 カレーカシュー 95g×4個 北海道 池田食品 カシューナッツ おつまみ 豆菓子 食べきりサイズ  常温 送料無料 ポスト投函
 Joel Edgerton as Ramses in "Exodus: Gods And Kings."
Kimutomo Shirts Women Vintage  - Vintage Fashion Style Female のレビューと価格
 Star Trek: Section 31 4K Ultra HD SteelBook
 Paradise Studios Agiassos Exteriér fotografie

...

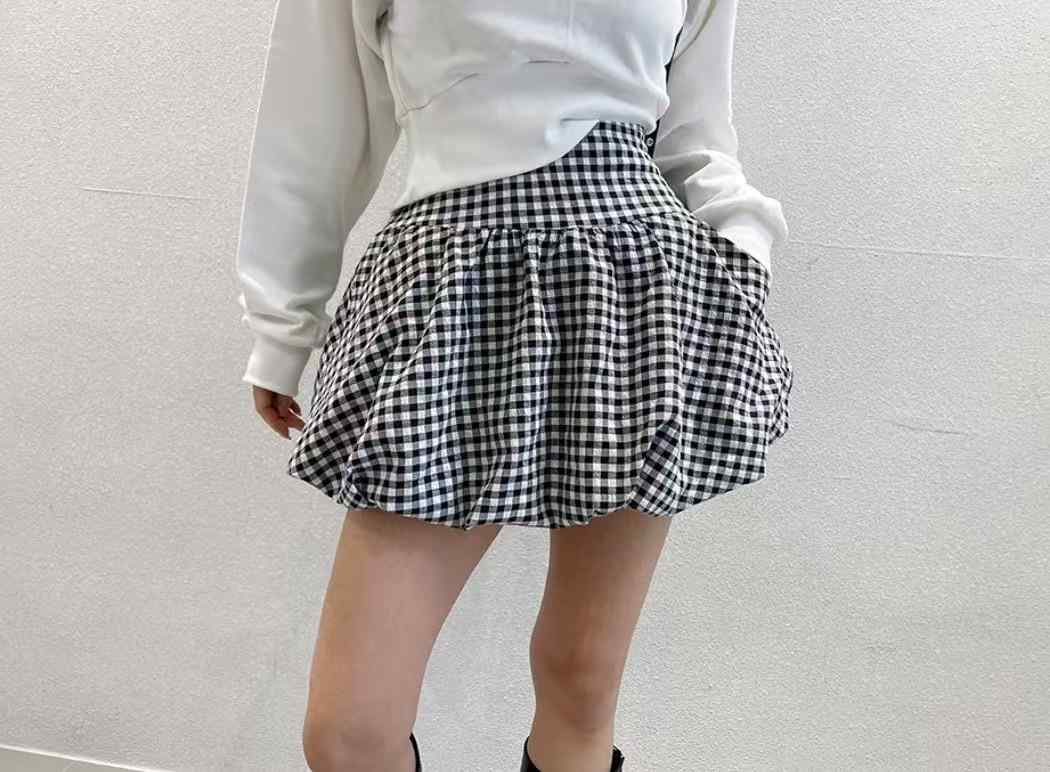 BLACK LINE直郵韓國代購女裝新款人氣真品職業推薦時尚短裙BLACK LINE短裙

==

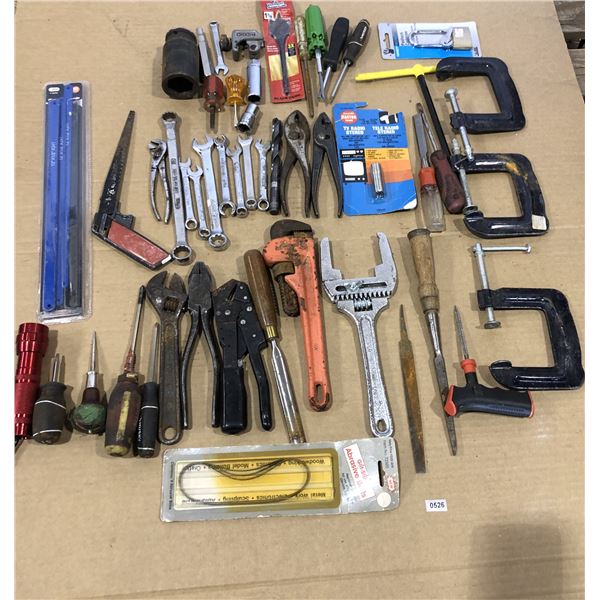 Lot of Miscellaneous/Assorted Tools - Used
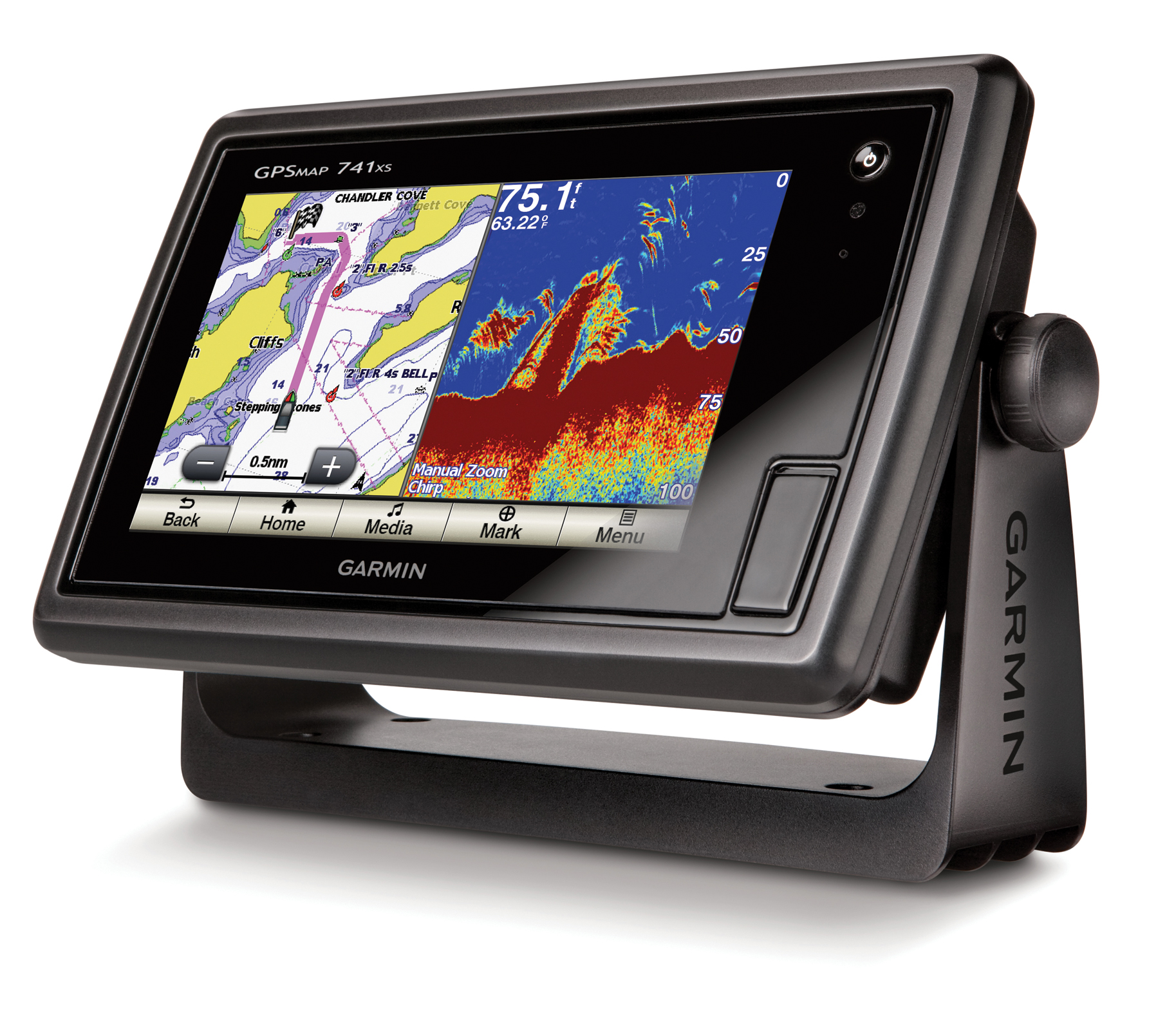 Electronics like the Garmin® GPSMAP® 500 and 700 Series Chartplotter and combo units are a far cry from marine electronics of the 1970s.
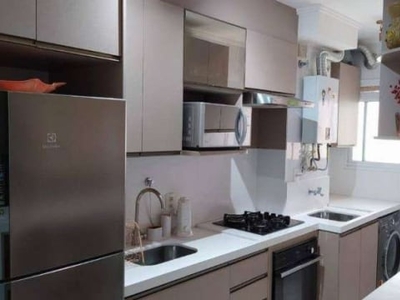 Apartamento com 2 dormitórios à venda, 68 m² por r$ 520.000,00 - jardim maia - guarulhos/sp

* ASSIGNMENT *
All lines in the listing above from the line containing "カレーカシュー 95g×4個 北海道" to the line containing "Paradise Studios Agiassos", inclusive, should be retyped exactly; no other lines should appear.

* WRITTEN ANSWER *
 カレーカシュー 95g×4個 北海道 池田食品 カシューナッツ おつまみ 豆菓子 食べきりサイズ  常温 送料無料 ポスト投函
 Joel Edgerton as Ramses in "Exodus: Gods And Kings."
Kimutomo Shirts Women Vintage  - Vintage Fashion Style Female のレビューと価格
 Star Trek: Section 31 4K Ultra HD SteelBook
 Paradise Studios Agiassos Exteriér fotografie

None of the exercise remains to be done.